Probably NOT! Surprised? “Well that doesn’t make any sense,” you may say. “My home would not have flooded if the hurricane didn’t physically PUSH the storm waters onto my property.”

This debate has gone on for a while and the courts are still arguing about it post Katrina. The issue is front and center in South Florida coming off the heels of Hurricane Irma. Many people who do not live in a flood zone, believe they don’t need flood insurance. And while it is true, most lenders will not require you to have a flood policy if you don’t live in a flood zone, it’s still a good idea to have one.

Hurricanes can push seawater inland even beyond flood zone boundaries. And as we saw with Hurricane Harvey in Texas, heavy concentrations of rainwater can also create a once in a lifetime flooding situation.
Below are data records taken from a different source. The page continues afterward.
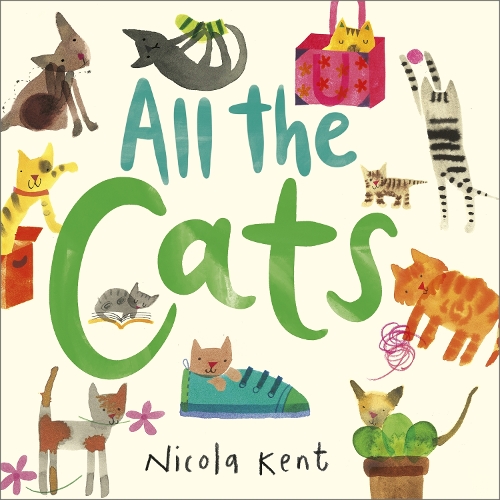 Бумажная книга «All the Cats», автор Никола Кент - фото №1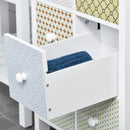 Chest of Drawers, 8 Drawer Dresser, Storage Organizer Unit for Bedroom, Bathroom Cabinet Bedroom Living Room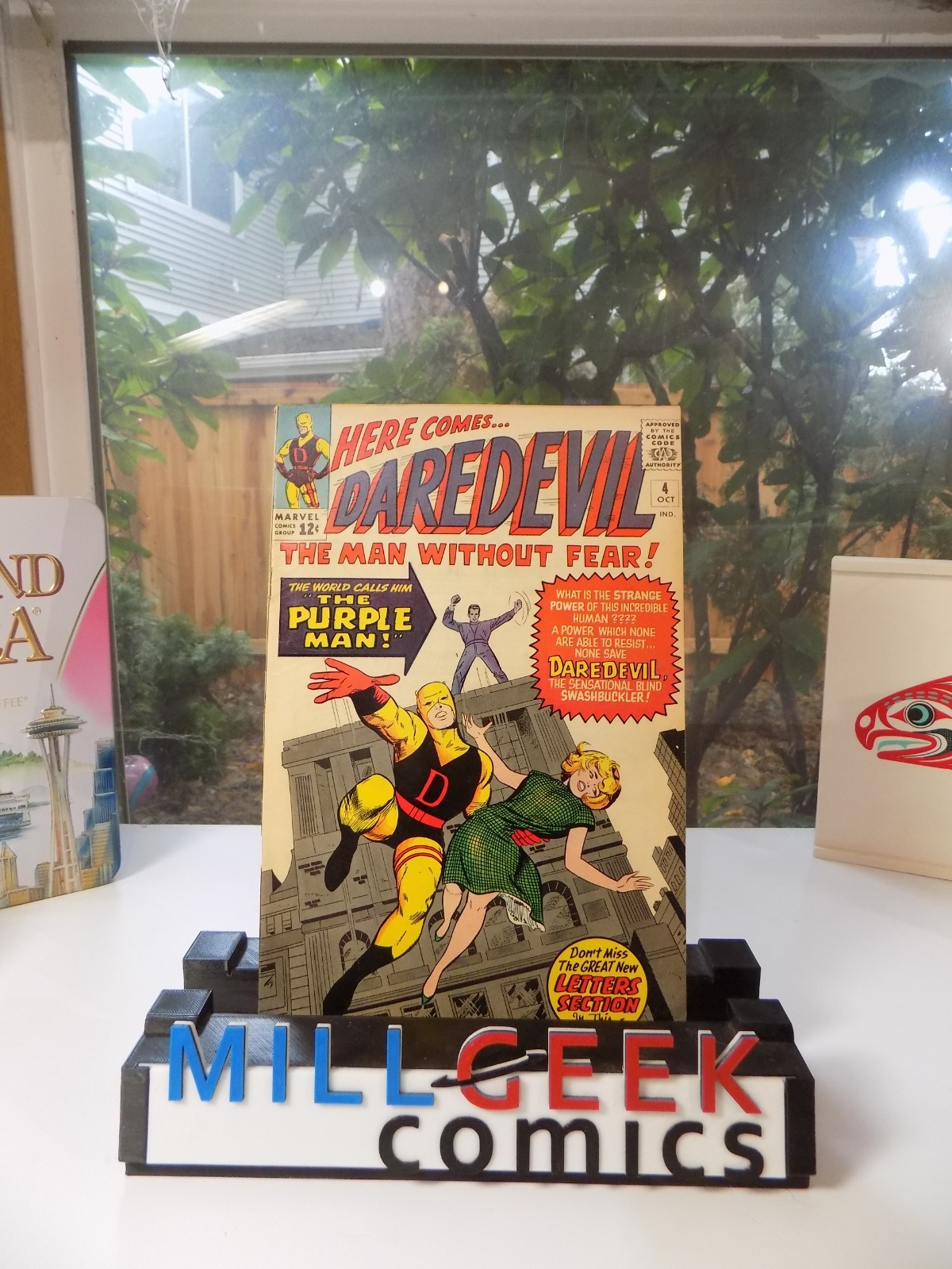 Daredevil #4 Marvel Comic Very Fine- October 1964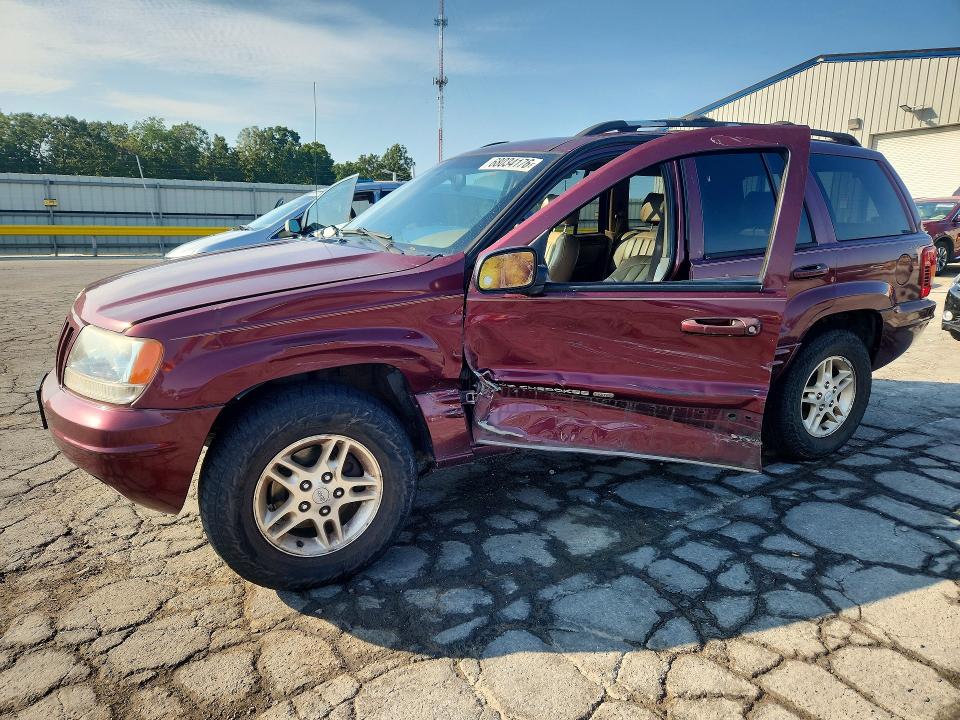 Продаж на аукціоні авто 1999 Jeep Grand Cherokee, vin: 1J4GW68N5XC689746, номер лоту: 68034176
Think about it this way, the policy is called a “windstorm” policy (not a “hurricane” policy. Accordingly, the Windstorm policies generally cover damage caused by high winds (ie. roof damage, broken windows, walls, water intrusion from driving rain through stucco, etc.), albeit with very large deductibles. The “windstorm” policies do NOT cover water damage caused by rising water.

Only flood insurance will protect you from storm surge and rising rainwater damage to your home.

Here’s the good news for many homeowners who don’t live in a flood zone. Flood insurance is not expensive. The minimum policy offered is between $400-500 and it offers$250,000 of dwelling coverage and $100,000 worth of contents coverage with a low deductible. Excess Flood insurance is available as well. Ask your insurance agent for a quote.

Risk Advisor, Patrick Battle at Keen, Battle, Mead & Company says, “Consider Flood Insurance, most of South Florida is prone to flooding. It doesn’t just take tidal waters or a storm surge to produce flooding. A wet, slow moving hurricane (such as Hurricane Harvey in Texas) can drop numerous inches of rain, inundating normally dry land areas. Flood insurance is reasonable. Call Keen, Battle, Mead & Company for a quote. ”

He notes the following:

Flood insurance provides coverage against all direct physical loss by or from flood to the insured property due to inundation of two or more acres of normally dry land area or of two or more properties (at least one of which is the policyholder’s property) from:

1. Overflow of inland or tidal waters;
2. Unusual and rapid accumulation or runoff of surface waters from any source;
3. Mudflow;
4. Collapse or subsidence of land along the shore of a lake or similar body of water as a result of erosion or undermining caused by waves or currents of water exceeding anticipated cyclical levels that result in a flood as defined above.

2 – An “Important Notice” about flood insurance:

Flood insurance is available under the National Flood Insurance Program (NFIP). It provides coverage for residential and non-residential buildings and their contents, in both high risk and as well as low risk areas.

Flooding is the largest single cause of natural disaster loss and damage in our country. The standard homeowners, dwelling, or commercial property insurance policy typically excludes or does not otherwise provide coverage for flood damage. Purchasing separate flood insurance coverage will allow covered flood losses to be adjusted in a similar manner as losses from other perils in other property policies.